On Feb 29th, I went canvassing for Elizabeth Warren (sob!) with my friend Mo. Mo is intensely anxious but deeply extroverted and generally kind of zany and I really love spending time with them even though it also always feels ridiculous. We were canvassing in a neighborhood by the waterfront, big houses with huge curving driveways, recessed from the street, so every door felt like a hike from the street. 50 houses felt insufferably long, but we did it. In between ringing door bells and trying to convince people of Warren’s electability (sob!) we talked about the coronavirus. Washington’s first case had come in late January but it seemed to have gone away but then suddenly that day, there came reports of a death from the virus at a nursing home northeast of Seattle. Mo’s sister, they said, was super freaked out. She lived not far from the nursing home and she’d felt sick. “It’s not coronavirus.” I said. “It’s so rare. I promise, it’s not.”

Then on Sunday, there came news of two more deaths and I started checking my work e-mail because I knew things were probably going to get wild at the health department. (If you didn’t know, while my job is focused on sexual health, I do work for the health department in King County, which covers from north of Seattle down to almost Tacoma – including Kirkland, the location of the nursing home outbreak) I also knew that my team and my job class in general, often get pulled into things like this.

Sure enough, on Monday morning when I checked my work phone – as I always do after dropping Gus off at daycare – there was a text from my boss asking for two of us to head up to the central building to help the communicable disease-epidemiology program field the sudden influx of phone calls. So I rerouted waze and headed there.

When I arrived on the 12th floor and asked around until someone directed me to the administrative manager of CDEpi, things were already that buzzy kind of controlled chaos that fills you with anxiety. I stood in front of T’s (admin mgr) cubicle and told her I was there to help. But I don’t know that anyone had told her that I was coming, and so she was a bit flustered at how to put me to work initially. She was still in the middle of trying to write some kind of script or organize some level of note taking. But the calls were already pouring in and the voicemail box was full and the e-mails were unending.

With barely any initiation or instruction at all, they added me to the lines receiving calls, handed me a headset, an old school message book (the kind that carbon copies itself) and the draft of a script and told me to turn my phone on. From that moment on, the calls came one after another. If I needed to go to the bathroom or eat, I had to immediately put myself on do not disturb but usually a call would slip through in the split second it took to do that, so I’d usually take that last call before escaping.

Mostly, I ended up with calls from doctors, nurses, and EMTs who had a patient (with them, who they’d just seen, who they’d taken to the ER or the morgue) who had symptoms of covid-19 and they needed to report/find out if they should test/request the testing requisition number. In virtually every case, I wrote down their names and contact info; the name, date of birth and contact info for the patient; and the symptoms, situation, and other details. At 10am when I started, I told them to expect a return call in 24 hours when they didn’t have a patient in the clinic, and within 2 hours when they did. By 1pm I’d been instructed to tell them 24-48 hours, or within 4 hours for in-clinic. By the end of the day I was not making any promises about getting a call back.

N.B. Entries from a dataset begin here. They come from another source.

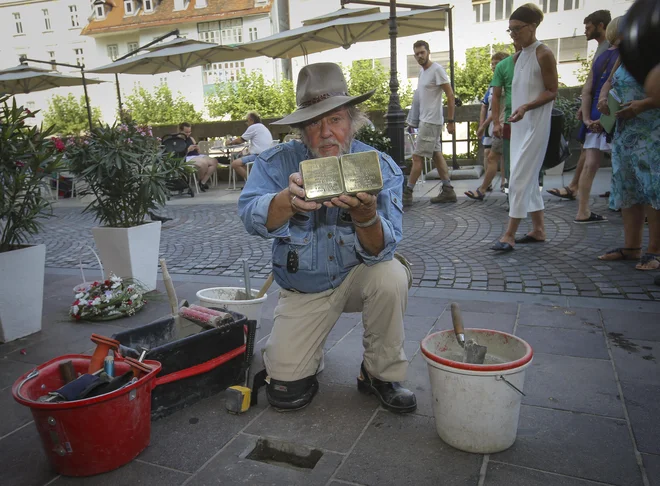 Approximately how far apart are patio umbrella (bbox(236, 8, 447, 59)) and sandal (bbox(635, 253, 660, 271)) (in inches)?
Result: 229

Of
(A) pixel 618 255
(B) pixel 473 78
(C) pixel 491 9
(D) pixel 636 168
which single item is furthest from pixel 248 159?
(C) pixel 491 9

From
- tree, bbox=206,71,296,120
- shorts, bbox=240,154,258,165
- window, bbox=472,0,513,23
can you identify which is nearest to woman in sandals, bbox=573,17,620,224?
shorts, bbox=240,154,258,165

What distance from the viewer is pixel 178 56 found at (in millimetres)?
11078

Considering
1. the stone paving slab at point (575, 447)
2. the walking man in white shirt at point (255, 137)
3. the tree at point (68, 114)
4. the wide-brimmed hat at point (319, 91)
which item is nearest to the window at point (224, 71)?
the tree at point (68, 114)

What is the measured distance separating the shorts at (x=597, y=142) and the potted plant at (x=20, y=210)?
4975mm

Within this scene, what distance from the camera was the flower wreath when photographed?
147 inches

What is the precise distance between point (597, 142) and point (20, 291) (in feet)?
17.6

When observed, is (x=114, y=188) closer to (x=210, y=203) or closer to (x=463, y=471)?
(x=463, y=471)

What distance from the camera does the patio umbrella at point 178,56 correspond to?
10.6 meters

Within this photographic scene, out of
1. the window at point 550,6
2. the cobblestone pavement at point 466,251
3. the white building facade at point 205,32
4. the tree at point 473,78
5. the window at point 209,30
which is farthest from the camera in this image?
the window at point 209,30

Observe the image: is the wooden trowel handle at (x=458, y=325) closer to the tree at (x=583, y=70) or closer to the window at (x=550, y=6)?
the tree at (x=583, y=70)

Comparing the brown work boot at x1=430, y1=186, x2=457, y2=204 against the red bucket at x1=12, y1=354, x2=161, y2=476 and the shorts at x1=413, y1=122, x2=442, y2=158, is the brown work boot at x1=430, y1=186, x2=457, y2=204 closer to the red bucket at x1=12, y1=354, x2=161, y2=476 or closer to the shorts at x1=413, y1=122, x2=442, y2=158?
the shorts at x1=413, y1=122, x2=442, y2=158

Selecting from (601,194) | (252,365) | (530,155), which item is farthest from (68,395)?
(601,194)

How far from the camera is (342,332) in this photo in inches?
130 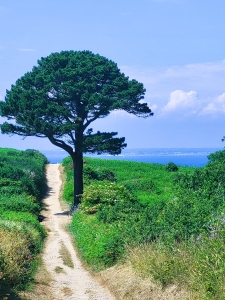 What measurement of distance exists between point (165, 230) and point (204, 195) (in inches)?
201

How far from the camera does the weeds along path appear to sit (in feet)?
50.0

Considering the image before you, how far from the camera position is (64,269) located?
1898cm

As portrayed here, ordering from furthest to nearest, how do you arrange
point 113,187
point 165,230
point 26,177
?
point 26,177
point 113,187
point 165,230

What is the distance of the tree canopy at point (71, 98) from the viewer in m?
33.8

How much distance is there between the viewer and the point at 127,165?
60.1 metres

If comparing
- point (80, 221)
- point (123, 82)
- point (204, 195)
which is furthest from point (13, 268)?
point (123, 82)

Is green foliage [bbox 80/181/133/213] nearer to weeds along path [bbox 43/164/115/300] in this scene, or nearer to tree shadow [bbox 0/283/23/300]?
weeds along path [bbox 43/164/115/300]

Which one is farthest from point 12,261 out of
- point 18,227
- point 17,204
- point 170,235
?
point 17,204

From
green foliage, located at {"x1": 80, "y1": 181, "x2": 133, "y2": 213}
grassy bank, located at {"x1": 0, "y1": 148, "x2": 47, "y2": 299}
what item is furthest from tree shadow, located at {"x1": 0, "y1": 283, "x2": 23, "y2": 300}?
green foliage, located at {"x1": 80, "y1": 181, "x2": 133, "y2": 213}

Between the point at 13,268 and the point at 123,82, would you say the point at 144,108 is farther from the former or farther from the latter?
the point at 13,268

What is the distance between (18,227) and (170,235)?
25.5ft

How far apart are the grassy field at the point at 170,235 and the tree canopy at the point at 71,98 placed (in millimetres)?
4744

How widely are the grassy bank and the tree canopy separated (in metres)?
3.99

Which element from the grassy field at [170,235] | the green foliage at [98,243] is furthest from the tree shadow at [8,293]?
the green foliage at [98,243] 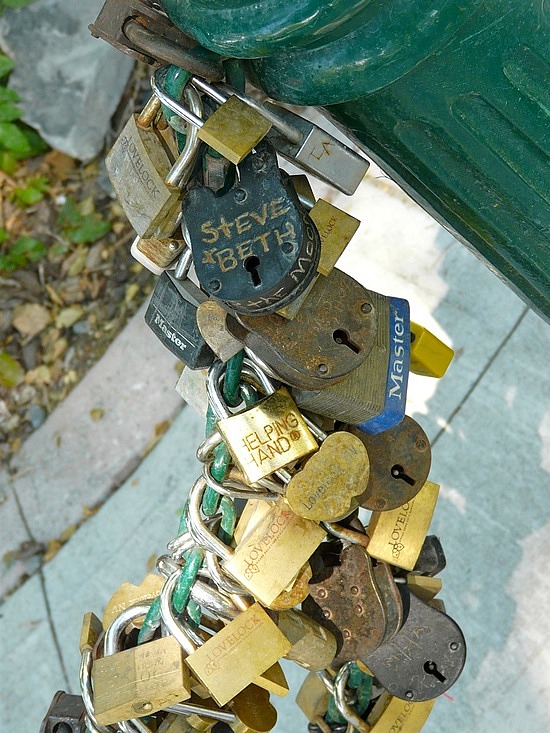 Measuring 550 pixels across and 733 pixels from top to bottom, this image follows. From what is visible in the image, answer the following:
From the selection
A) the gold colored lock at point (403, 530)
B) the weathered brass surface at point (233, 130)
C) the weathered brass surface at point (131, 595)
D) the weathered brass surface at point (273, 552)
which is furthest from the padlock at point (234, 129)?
the weathered brass surface at point (131, 595)

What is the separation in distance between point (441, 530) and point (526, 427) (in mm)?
283

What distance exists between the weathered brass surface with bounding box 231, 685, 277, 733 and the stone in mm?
2184

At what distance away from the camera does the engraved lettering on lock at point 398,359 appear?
3.01ft

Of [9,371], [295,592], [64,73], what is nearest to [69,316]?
[9,371]

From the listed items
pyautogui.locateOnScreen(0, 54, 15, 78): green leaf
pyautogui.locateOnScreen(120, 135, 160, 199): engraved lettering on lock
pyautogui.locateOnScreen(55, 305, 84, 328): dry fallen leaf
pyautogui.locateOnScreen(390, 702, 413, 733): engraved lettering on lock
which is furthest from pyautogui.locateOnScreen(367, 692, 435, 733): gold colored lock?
pyautogui.locateOnScreen(0, 54, 15, 78): green leaf

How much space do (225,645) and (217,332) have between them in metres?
0.33

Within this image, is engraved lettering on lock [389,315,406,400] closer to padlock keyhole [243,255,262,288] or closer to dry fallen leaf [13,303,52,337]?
padlock keyhole [243,255,262,288]

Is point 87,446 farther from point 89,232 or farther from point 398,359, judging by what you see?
point 398,359

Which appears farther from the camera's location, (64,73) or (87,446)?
(64,73)

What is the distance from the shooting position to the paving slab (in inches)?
90.0

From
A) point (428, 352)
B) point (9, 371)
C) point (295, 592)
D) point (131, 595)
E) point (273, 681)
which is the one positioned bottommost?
point (9, 371)

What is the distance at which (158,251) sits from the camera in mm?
920

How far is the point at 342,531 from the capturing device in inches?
39.6

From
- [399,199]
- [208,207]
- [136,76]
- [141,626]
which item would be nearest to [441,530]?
[399,199] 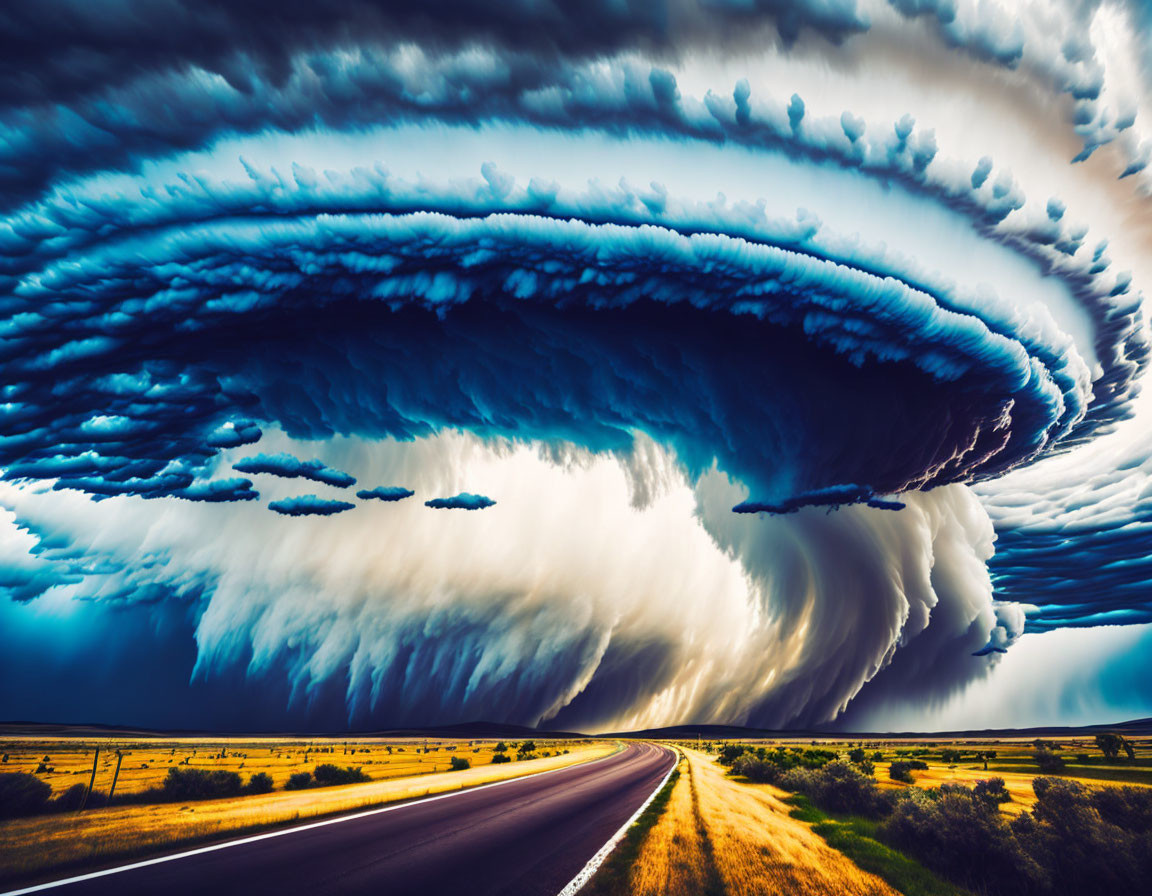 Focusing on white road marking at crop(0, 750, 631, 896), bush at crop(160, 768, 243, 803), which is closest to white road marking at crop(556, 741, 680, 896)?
white road marking at crop(0, 750, 631, 896)

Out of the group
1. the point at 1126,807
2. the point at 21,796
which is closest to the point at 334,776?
the point at 21,796

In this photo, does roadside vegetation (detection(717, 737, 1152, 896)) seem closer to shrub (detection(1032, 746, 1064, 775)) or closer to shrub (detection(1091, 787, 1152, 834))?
shrub (detection(1091, 787, 1152, 834))

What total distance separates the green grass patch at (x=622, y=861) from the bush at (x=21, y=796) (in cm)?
1664

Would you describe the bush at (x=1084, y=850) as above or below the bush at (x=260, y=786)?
above

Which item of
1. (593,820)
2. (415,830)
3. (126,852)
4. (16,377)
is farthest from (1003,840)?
(16,377)

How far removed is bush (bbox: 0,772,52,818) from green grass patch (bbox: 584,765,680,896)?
655 inches

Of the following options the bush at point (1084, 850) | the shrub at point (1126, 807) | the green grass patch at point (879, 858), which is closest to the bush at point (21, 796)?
the green grass patch at point (879, 858)

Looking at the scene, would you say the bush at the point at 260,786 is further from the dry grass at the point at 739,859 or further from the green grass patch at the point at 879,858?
the green grass patch at the point at 879,858

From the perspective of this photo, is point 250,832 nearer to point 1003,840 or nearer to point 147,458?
point 1003,840

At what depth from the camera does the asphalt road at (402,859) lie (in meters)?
7.99

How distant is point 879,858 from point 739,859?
3604mm

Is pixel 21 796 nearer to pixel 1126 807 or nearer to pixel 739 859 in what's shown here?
pixel 739 859

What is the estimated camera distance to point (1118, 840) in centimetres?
1114

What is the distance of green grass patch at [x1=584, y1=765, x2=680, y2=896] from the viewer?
8391 millimetres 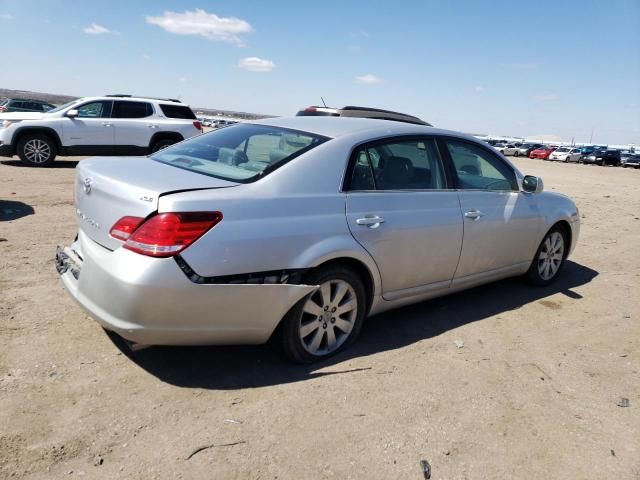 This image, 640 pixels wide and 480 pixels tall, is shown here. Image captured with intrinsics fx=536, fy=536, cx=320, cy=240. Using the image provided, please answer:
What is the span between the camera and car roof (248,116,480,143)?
376cm

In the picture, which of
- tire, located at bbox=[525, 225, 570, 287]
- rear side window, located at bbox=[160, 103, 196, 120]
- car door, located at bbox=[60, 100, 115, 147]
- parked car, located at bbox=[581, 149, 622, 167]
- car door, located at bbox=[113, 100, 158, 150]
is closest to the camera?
tire, located at bbox=[525, 225, 570, 287]

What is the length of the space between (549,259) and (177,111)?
10691 millimetres

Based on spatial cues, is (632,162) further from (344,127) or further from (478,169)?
(344,127)

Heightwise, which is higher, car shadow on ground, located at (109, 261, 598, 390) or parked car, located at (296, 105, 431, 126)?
parked car, located at (296, 105, 431, 126)

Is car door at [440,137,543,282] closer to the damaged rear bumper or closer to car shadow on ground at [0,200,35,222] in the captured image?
the damaged rear bumper

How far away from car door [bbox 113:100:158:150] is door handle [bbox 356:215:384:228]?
34.8ft

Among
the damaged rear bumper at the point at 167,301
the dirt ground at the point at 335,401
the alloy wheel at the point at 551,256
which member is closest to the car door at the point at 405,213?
the dirt ground at the point at 335,401

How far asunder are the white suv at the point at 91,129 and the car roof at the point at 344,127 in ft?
31.3

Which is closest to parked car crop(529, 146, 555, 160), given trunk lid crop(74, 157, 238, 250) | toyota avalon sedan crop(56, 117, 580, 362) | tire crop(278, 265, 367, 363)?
toyota avalon sedan crop(56, 117, 580, 362)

Some of those calls were heartbreaking – family members of residents at the skilled nursing facility where the outbreak has been concentrated. These people wanted to know if their loved ones had been tested, or if they were ok, and if not when would they know any of that? Or providers who had someone who met the (at that time) stringent testing criteria who needed that requisition number because they were admitting the patient to the ICU. I couldn’t help them. I could take their info, and listen to them, and write down detail and highlight the things they were worried about and then pass it along to the team of people who hadn’t had a day off in 6 weeks before Seattle exploded in chaos.

Some of those calls were absurd: the nurse at a concierge medical practice who, very apologetically, told me that she had patients in her office demanding to be tested immediately though she already knew they didn’t meet the criteria for testing and weren’t even showing symptoms consistent with the virus; the woman who asked to speak with the medical director immediately because she had important information for him about how the virus was spread and who then told me that maybe I should ‘misclassify the message and die.’ She also said that the Medical Director’s inaction to call her back would simply mean she would get the Nobel prize instead.

Many lay somewhere in between – people who were being told by supervisors to report, or who had assessed their patients as at risk for the virus but were not admitting those patients. They needed guidance that likely could have been delivered with a standard answer, but things had escalated so quickly that there hadn’t been time for that.

I worked until close to 7pm that evening answering calls and there was no noticeable slow to the volume. I came back the next day and kept on, though in the interim a new script had emerged, a new paper tracking system, some additional tools. At some point mid-day, the formal call center got up and running and so, in many cases, I was simply directing call there – transferring people to a line with, at one point, an hour long hold time. I was also given a crash course in checking the state communicable disease database to try and cross reference if the paper messages, e-mails, and voice mails had been entered, assigned, and returned. I did this on Wednesday as well. Each evening, I emerged bone tired, often with a thumping migraine, still feeling like I’d done almost nothing to actually help except perhaps divert some of the less critical calls and be a live voice to answer instead of a machine.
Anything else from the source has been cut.